_Given entries_:
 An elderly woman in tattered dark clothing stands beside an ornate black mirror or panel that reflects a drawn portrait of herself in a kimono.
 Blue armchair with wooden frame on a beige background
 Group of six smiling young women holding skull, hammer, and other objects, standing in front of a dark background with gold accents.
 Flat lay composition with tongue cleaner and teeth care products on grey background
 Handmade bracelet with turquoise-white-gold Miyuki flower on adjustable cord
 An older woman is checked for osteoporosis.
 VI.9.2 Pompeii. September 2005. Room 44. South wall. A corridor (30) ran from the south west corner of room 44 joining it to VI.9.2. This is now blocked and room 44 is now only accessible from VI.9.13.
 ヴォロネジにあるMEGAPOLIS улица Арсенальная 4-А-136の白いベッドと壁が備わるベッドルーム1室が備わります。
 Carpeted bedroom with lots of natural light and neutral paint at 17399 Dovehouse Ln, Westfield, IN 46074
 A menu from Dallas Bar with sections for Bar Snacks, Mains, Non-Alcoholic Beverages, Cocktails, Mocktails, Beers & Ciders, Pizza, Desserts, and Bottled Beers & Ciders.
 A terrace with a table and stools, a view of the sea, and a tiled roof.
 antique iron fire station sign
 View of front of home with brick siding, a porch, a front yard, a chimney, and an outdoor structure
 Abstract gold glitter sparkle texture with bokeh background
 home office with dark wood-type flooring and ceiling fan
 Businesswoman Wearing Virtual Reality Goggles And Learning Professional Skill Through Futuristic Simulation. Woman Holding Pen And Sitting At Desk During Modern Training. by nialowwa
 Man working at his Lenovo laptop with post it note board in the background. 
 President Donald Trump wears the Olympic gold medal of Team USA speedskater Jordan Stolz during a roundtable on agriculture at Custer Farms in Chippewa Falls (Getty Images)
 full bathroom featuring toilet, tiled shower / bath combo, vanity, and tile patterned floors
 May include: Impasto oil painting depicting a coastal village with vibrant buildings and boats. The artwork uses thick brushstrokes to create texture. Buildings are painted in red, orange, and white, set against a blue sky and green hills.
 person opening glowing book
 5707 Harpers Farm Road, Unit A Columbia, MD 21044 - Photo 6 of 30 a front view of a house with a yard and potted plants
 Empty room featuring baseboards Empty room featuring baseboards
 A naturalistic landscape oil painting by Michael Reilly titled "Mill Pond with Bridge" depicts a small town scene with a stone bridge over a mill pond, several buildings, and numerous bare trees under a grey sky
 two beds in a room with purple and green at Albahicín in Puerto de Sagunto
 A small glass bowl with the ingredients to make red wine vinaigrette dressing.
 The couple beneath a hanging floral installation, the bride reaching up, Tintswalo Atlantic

_Your instructions_: Write the whole listing out again. Keep every line exactly as it is.

_Solution_:
 An elderly woman in tattered dark clothing stands beside an ornate black mirror or panel that reflects a drawn portrait of herself in a kimono.
 Blue armchair with wooden frame on a beige background
 Group of six smiling young women holding skull, hammer, and other objects, standing in front of a dark background with gold accents.
 Flat lay composition with tongue cleaner and teeth care products on grey background
 Handmade bracelet with turquoise-white-gold Miyuki flower on adjustable cord
 An older woman is checked for osteoporosis.
 VI.9.2 Pompeii. September 2005. Room 44. South wall. A corridor (30) ran from the south west corner of room 44 joining it to VI.9.2. This is now blocked and room 44 is now only accessible from VI.9.13.
 ヴォロネジにあるMEGAPOLIS улица Арсенальная 4-А-136の白いベッドと壁が備わるベッドルーム1室が備わります。
 Carpeted bedroom with lots of natural light and neutral paint at 17399 Dovehouse Ln, Westfield, IN 46074
 A menu from Dallas Bar with sections for Bar Snacks, Mains, Non-Alcoholic Beverages, Cocktails, Mocktails, Beers & Ciders, Pizza, Desserts, and Bottled Beers & Ciders.
 A terrace with a table and stools, a view of the sea, and a tiled roof.
 antique iron fire station sign
 View of front of home with brick siding, a porch, a front yard, a chimney, and an outdoor structure
 Abstract gold glitter sparkle texture with bokeh background
 home office with dark wood-type flooring and ceiling fan
 Businesswoman Wearing Virtual Reality Goggles And Learning Professional Skill Through Futuristic Simulation. Woman Holding Pen And Sitting At Desk During Modern Training. by nialowwa
 Man working at his Lenovo laptop with post it note board in the background. 
 President Donald Trump wears the Olympic gold medal of Team USA speedskater Jordan Stolz during a roundtable on agriculture at Custer Farms in Chippewa Falls (Getty Images)
 full bathroom featuring toilet, tiled shower / bath combo, vanity, and tile patterned floors
 May include: Impasto oil painting depicting a coastal village with vibrant buildings and boats. The artwork uses thick brushstrokes to create texture. Buildings are painted in red, orange, and white, set against a blue sky and green hills.
 person opening glowing book
 5707 Harpers Farm Road, Unit A Columbia, MD 21044 - Photo 6 of 30 a front view of a house with a yard and potted plants
 Empty room featuring baseboards Empty room featuring baseboards
 A naturalistic landscape oil painting by Michael Reilly titled "Mill Pond with Bridge" depicts a small town scene with a stone bridge over a mill pond, several buildings, and numerous bare trees under a grey sky
 two beds in a room with purple and green at Albahicín in Puerto de Sagunto
 A small glass bowl with the ingredients to make red wine vinaigrette dressing.
 The couple beneath a hanging floral installation, the bride reaching up, Tintswalo Atlantic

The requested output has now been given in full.